DATA FOR THE TASK: Begin

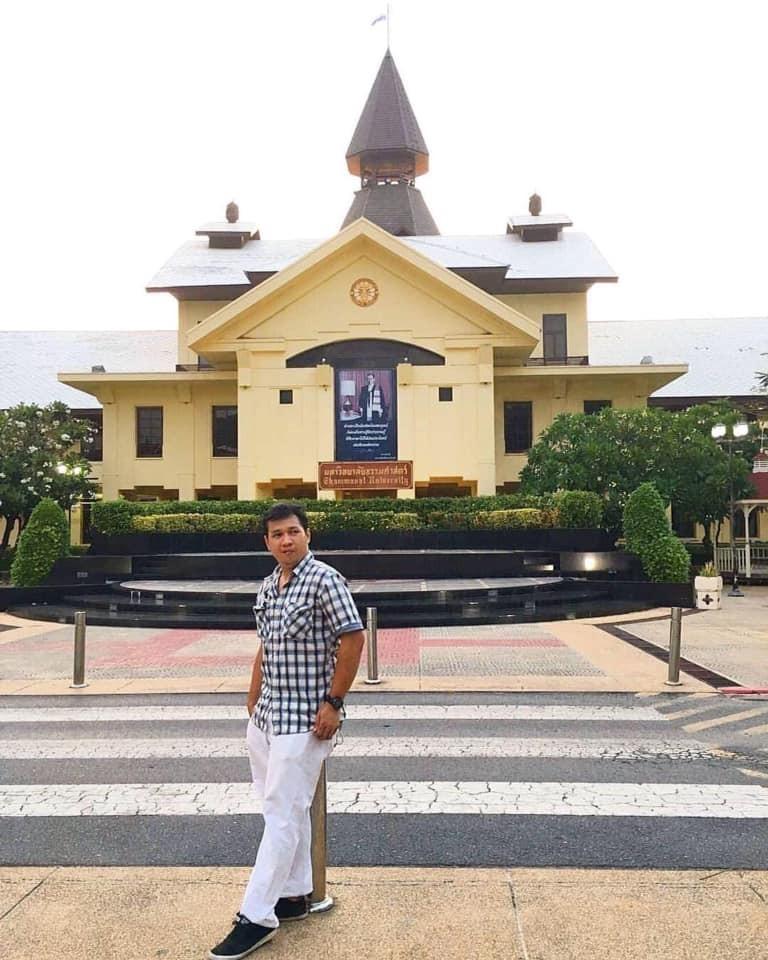 Phet_srp's tweet photo. 27 มิถุนายนของทุกปี วันสถาปนา "มหาวิทยาลัยธรรมศาสตร์"
ครบรอบ 88 ปี #88YearsThammasat
ดีใจและปลาบปลื้มใจที่ได้มาเป็น #ลูกแม่โดม
เพชร MCA19
มหาบัณฑิต คณะวารสารศาสตร์และสื่อสารมวลชน มหาวิทยาลัยธรรมศาสตร์
.
#MCA19 #Thammasat #ThammasatUniversity
#ThammasatKeepGoingToInfinity https://t.co/QeqebNzCgB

DATA FOR THE TASK: End

▸ AIM OF THE EXERCISE
An exact reproduction of every record above is required, with no pictures included.

▸ YOUR SOLUTION
 Phet_srp's tweet photo. 27 มิถุนายนของทุกปี วันสถาปนา "มหาวิทยาลัยธรรมศาสตร์"
ครบรอบ 88 ปี #88YearsThammasat
ดีใจและปลาบปลื้มใจที่ได้มาเป็น #ลูกแม่โดม
เพชร MCA19
มหาบัณฑิต คณะวารสารศาสตร์และสื่อสารมวลชน มหาวิทยาลัยธรรมศาสตร์
.
#MCA19 #Thammasat #ThammasatUniversity
#ThammasatKeepGoingToInfinity https://t.co/QeqebNzCgB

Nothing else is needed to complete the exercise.